In the interview after his speech, Gingrich said he was not surprised he didn't get any inquiries from the audience about a possible presidential bid during a question and answer period.
"We are a long way from '08," Gingrich said. "I encourage them to talk about this year's debate, this year's solutions (and) this year's ideas."
Saved from Lebanon
Freshman Rep. Joe Schwarz (R-Michigan), who is battling a primary challenge from his right, is running a new television ad featuring a family thanking him for helping them escape the war zone that has become Lebanon. As sounds of artillery and machine gun fire roar in the background and images of destruction and tanks flash across the screen, a young mother cradling a sleeping baby explains that she was "waiting for the final adoption papers when war broke out.
"We were stuck and we didn't know how to get the baby home," the women said. "That's when my husband called Joe Schwarz. Congressman Schwarz made arrangements to bring our baby home safely."
Evan Tracey of TNSMI/Campaign Media Analysis Group, CNN's consultant on television advertising spending, said this is the first ad of its kind that alludes to the ongoing war between Israel and Hezbollah. The primary is August 8.
McKinney accuses opponent of being cozy with GOP
Another incumbent facing a primary challenge, Rep. Cynthia McKinney (D-Georgia), accused her opponent during a debate Monday night of being indebted to the GOP for accepting financial contributions from Republicans in his bid to defeat her.
"If you take money from Republicans, if you take votes from Republicans, then you have to be one of the Republicans' men in Congress," said McKinney, who also criticized her opponent, former DeKalb County Commissioner Hank Johnson, for past personal financial problems, including unpaid taxes, as well as for ties to developers when he was a county commissioner.
Johnson dismissed McKinney's attacks on him as "desperate" and sought, as he has throughout the campaign, to put the focus on McKinney, calling her the "candidate of polarization and divisiveness" with a "pitiful" record as a legislator.

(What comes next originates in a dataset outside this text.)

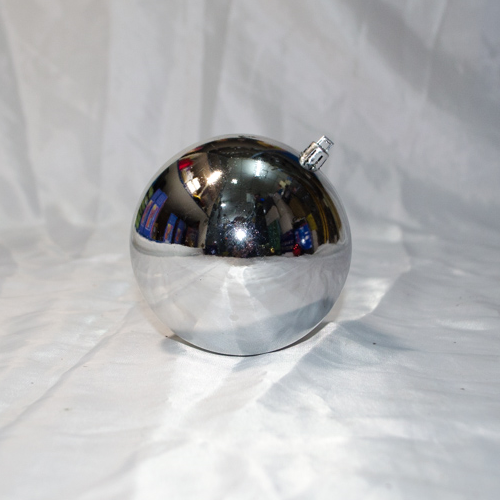 Большая елочная игрушка шар серебристого цвета для украшения елок и интерьера 10 см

"She can't work with people," he said. "If you can't work with people, you can't get anything done in Congress. I'm going to be an effective legislator. I'm not going to be a divisive one who polarizes and divides people and then sits back and does nothing."
He also dismissed McKinney's charge that he is too cozy with Republicans.
"I am a lifelong Democrat. I'm a progressive Democrat," he said.
"Congresswoman McKinney knows that I'm a Democrat. And so this is another desperate attempt by a desperate candidate."
A run-off election was triggered after neither candidate emerged with 50 percent of the vote on July 18. McKinney won 47 percent of the vote, while Johnson took 44 percent. They face voters a second time on August 8 and the winner is expected to win the seat in November.
Surprisingly, there was only one mention of McKinney's much publicized physical altercation in March with a Capitol Hill police officer that forced her to apologize for the incident on the House floor. A District of Columbia grand jury reviewed the case, but did not return an indictment. When asked if she thought the controversy prevented her from winning an outright majority on July 18, she responded, "The fact of the matter is, I was never charged with anything."
Incumbents appear safe but what about evolution?
Kansas voters head to the polls today and Republicans will choose candidates to challenge Gov. Kathleen Sebelius (D) and Rep. Dennis Moore (D) in November, while Democrats will pick an opponent for Rep. Todd Tiahrt (R). These incumbents are expected to win re-election in November, but political observers will still be closely watching today's election results. A battle for control of the state Board of Education is taking place with the issue of teaching evolution front and center. The New York Times has an excellent explainer in today's edition.
The Kansas Secretary of State's office will begin posting results starting at 8 p.m. ET on itswebsite.